SUPPLIED ENTRIES -
>>>>>
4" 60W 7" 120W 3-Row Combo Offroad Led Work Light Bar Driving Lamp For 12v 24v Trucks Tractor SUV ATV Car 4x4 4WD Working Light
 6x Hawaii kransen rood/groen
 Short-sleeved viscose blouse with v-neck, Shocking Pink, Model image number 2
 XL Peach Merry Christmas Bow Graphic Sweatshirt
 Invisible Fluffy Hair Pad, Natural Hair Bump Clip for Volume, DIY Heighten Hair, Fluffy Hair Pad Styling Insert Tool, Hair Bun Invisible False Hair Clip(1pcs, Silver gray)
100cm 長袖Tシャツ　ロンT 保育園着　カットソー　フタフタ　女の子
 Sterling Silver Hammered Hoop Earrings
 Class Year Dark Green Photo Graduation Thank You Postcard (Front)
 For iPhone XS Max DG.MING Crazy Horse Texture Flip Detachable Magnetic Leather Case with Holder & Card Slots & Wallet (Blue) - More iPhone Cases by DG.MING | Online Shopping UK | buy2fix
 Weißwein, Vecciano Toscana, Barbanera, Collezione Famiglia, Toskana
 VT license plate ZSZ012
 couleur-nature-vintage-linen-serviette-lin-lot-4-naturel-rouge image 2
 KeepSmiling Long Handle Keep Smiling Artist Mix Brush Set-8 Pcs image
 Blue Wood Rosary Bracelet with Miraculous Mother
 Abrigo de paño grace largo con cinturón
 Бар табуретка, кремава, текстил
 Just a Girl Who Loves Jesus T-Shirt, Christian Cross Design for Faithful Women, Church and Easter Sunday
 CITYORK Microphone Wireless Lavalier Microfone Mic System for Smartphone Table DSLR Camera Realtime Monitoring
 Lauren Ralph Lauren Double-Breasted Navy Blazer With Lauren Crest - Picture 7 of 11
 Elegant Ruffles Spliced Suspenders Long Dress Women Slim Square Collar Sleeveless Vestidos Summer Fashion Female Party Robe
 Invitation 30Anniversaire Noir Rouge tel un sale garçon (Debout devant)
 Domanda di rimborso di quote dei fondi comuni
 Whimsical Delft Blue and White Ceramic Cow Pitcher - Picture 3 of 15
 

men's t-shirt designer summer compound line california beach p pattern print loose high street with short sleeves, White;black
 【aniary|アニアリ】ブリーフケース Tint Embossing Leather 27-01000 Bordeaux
<<<<<
BRIEF -
In the data above, find the line containing "Blue Wood Rosary", then copy it and every later line exactly.

TASK ANSWER -
 Blue Wood Rosary Bracelet with Miraculous Mother
 Abrigo de paño grace largo con cinturón
 Бар табуретка, кремава, текстил
 Just a Girl Who Loves Jesus T-Shirt, Christian Cross Design for Faithful Women, Church and Easter Sunday
 CITYORK Microphone Wireless Lavalier Microfone Mic System for Smartphone Table DSLR Camera Realtime Monitoring
 Lauren Ralph Lauren Double-Breasted Navy Blazer With Lauren Crest - Picture 7 of 11
 Elegant Ruffles Spliced Suspenders Long Dress Women Slim Square Collar Sleeveless Vestidos Summer Fashion Female Party Robe
 Invitation 30Anniversaire Noir Rouge tel un sale garçon (Debout devant)
 Domanda di rimborso di quote dei fondi comuni
 Whimsical Delft Blue and White Ceramic Cow Pitcher - Picture 3 of 15
 

men's t-shirt designer summer compound line california beach p pattern print loose high street with short sleeves, White;black
 【aniary|アニアリ】ブリーフケース Tint Embossing Leather 27-01000 Bordeaux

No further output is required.